- Created by: Allan Leicht
- Starring: Tony Roberts Kelly Bishop Marilyn Cooper Mary Louise Wilson Lori Petty Adam Biesk Lisa Rieffel Jesse Tendler
- Opening theme: "We're All Right", by John Kander & Fred Ebb, performed by Dorothy Loudon
- Country of origin: United States
- Original language: English
- No. of seasons: 1
- No. of episodes: 12 (5 unaired) (list of episodes)

Production
- Camera setup: Multi-camera
- Running time: 30 minutes
- Production company: Reeves Entertainment Group

Original release
- Network: ABC
- Release: January 15 – March 11, 1988

= The Thorns (TV series) =

American sitcom

The Thorns is an American sitcom that originally aired on ABC from January 15 to March 11, 1988.

==Premise==
The Thorns are a dysfunctional married couple trying to climb their way up the social ladder in New York while dealing with their children and a grandmother moving in.

==Cast==
===Main===
- Tony Roberts as Sloan Thorn
- Kelly Bishop as Ginger Thorn
- Marilyn Cooper as Rose Thorn
- Mary Louise Wilson as Toinette
- Lori Petty as Cricket
- Adam Biesk as Chad Thorn
- Lisa Rieffel as Joey Thorn
- Jesse Tendler as Edmund Thorn

===Recurring===
- Maureen Stapleton as Mrs. Hamilton
- Kathreen Marcopulos as Katina Pappas

==Episodes==

| No. | Title | Directed by | Written by | Original release date |
| 1 | "Death and Transfiguration" | John Bowab | Unknown | January 15, 1988 |
The Thorns' 6-year-old son reacts badly to the death of his dog.
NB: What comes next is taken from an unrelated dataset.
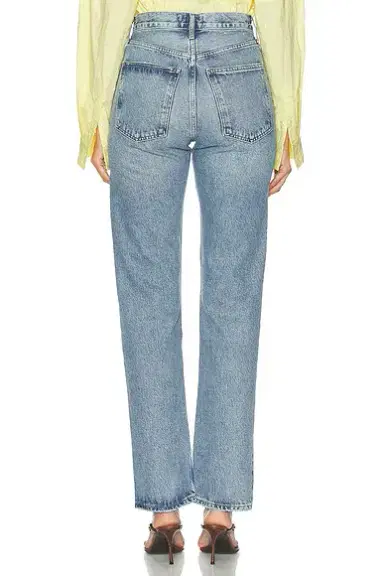 AGOLDE 90s Pinch Waist Long Jean | Thumbnail 4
Sloan's mother moves in after her apartment burns down.
| 2 | "Nothing Happened" | J.D. Lobue | Unknown | January 22, 1988 |
Chad would rather go out on a date than go on a trip with his father.
| 3 | "The Girlfriend" | Valentine Mayer | Unknown | January 29, 1988 |
Chad falls in love with Katina, but his parents are trying to evict her parents.
| 4 | "Condolence Call" | Valentine Mayer | Unknown | February 5, 1988 |
A friend of Tony dies.
| 5 | "The Maid" | Valentine Mayer | Unknown | February 12, 1988 |
| 6 | "The Other Maid" | Peter Bonerz | Alan Kirschenbaum | March 4, 1988 |
Peggy's true identity is discovered.
| 7 | "The Thief" | Peter Bonerz | Unknown | March 11, 1988 |
Someone has stolen Edmund's bookbag.
| 8 | "The First Date (or The Extended Family)" | Valentine Mayer | N/A | Unaired |
Ginger wants her uncle to go out on a date with Mrs. Hamilton.
| 9 | "The Rage" | Peter Bonerz | N/A | Unaired |
The Thorns want to become more friendly, so they try psychotherapy.